━━ TASK INPUT

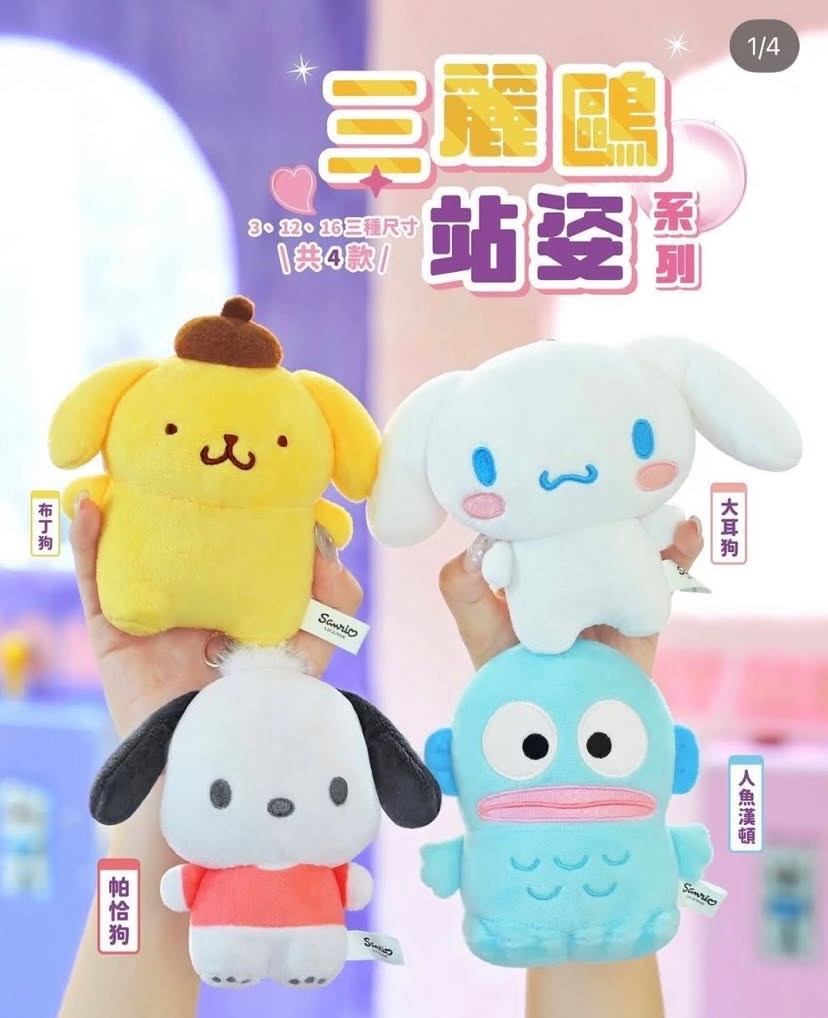 三麗鷗鑰匙圈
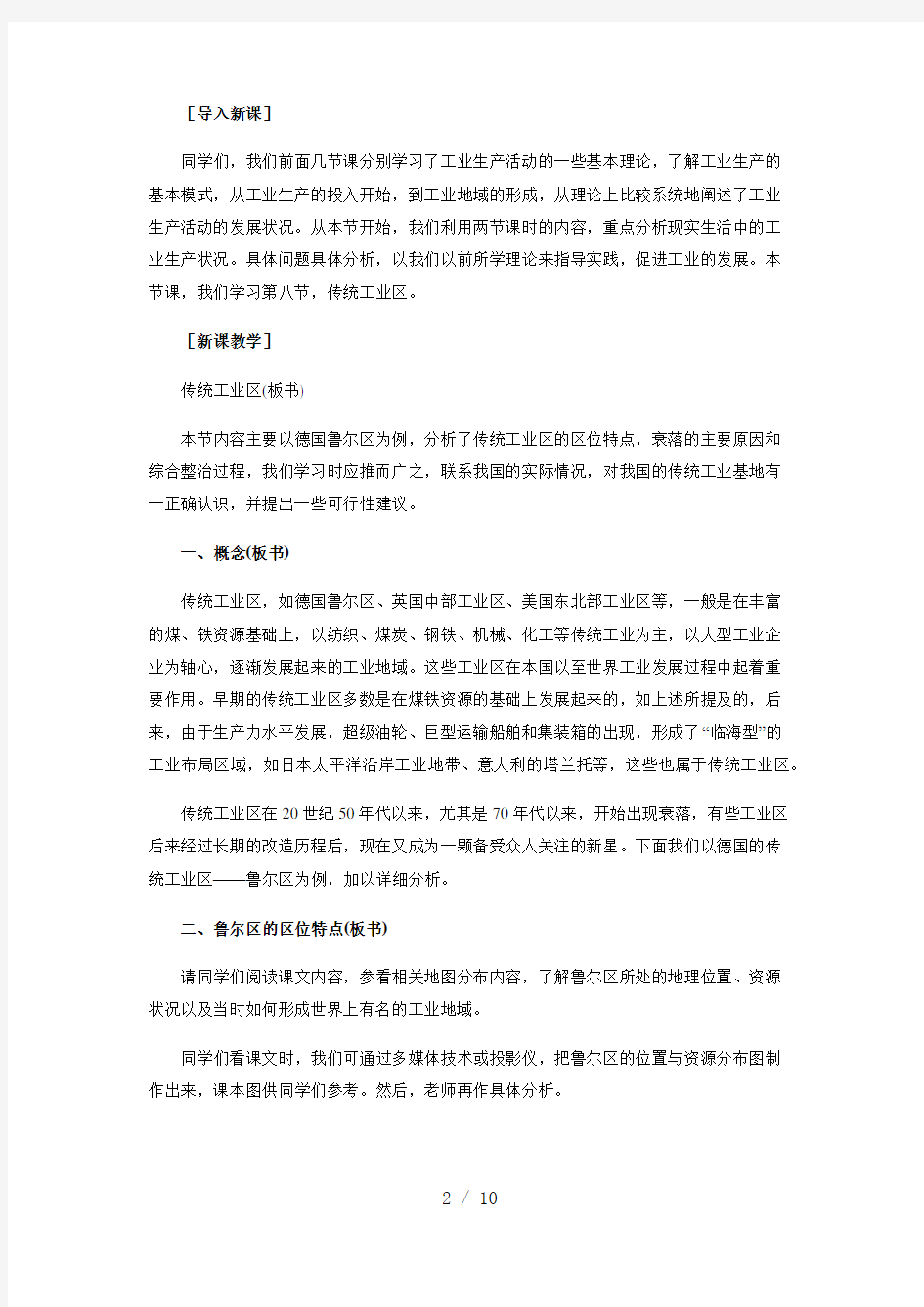 3-传统工业区与新工业区-教学设计-教案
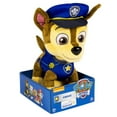 thumbnail image 3 of PAW Patrol Basic Chase 10" Plush Toy -  Walmart Exclusive, 3 of 4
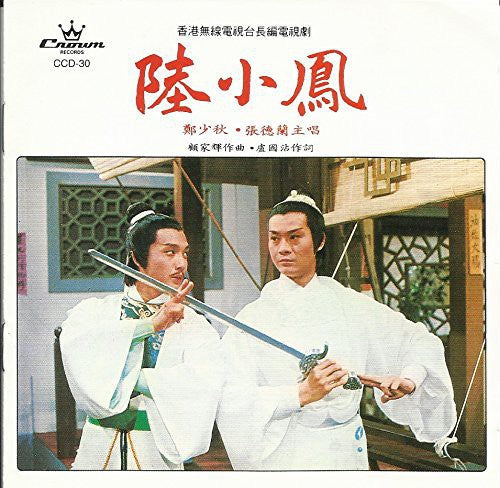 Cheng,adam/cheung,teresa - Luk Siu Fung - Music CD
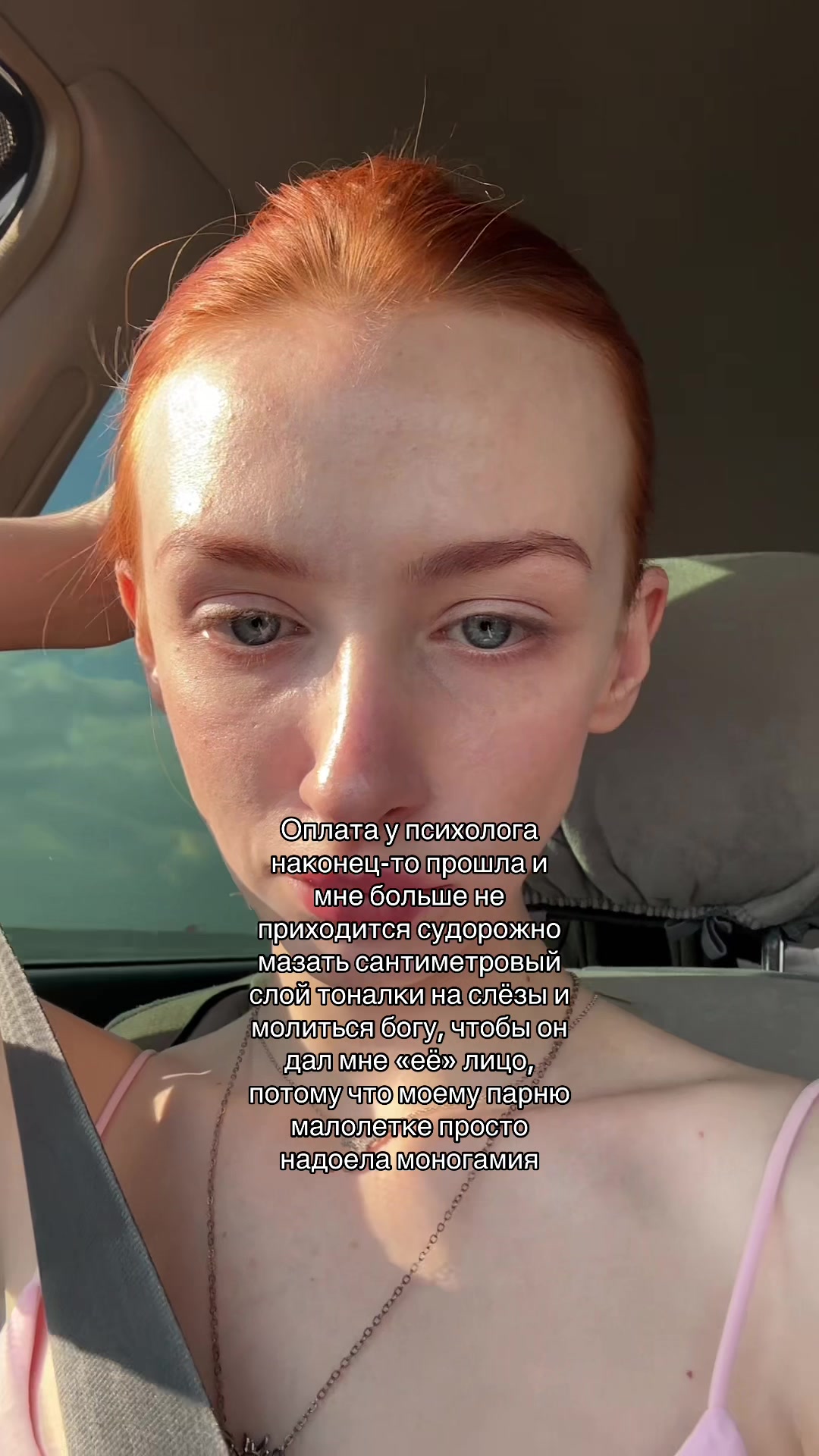 @FEDALKA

━━━━

WHAT TO WORK ON | Output each record above exactly; omit the images.

FINAL ANSWER |
 三麗鷗鑰匙圈
 3-传统工业区与新工业区-教学设计-教案
 thumbnail image 3 of PAW Patrol Basic Chase 10" Plush Toy -  Walmart Exclusive, 3 of 4
 Cheng,adam/cheung,teresa - Luk Siu Fung - Music CD
 @FEDALKA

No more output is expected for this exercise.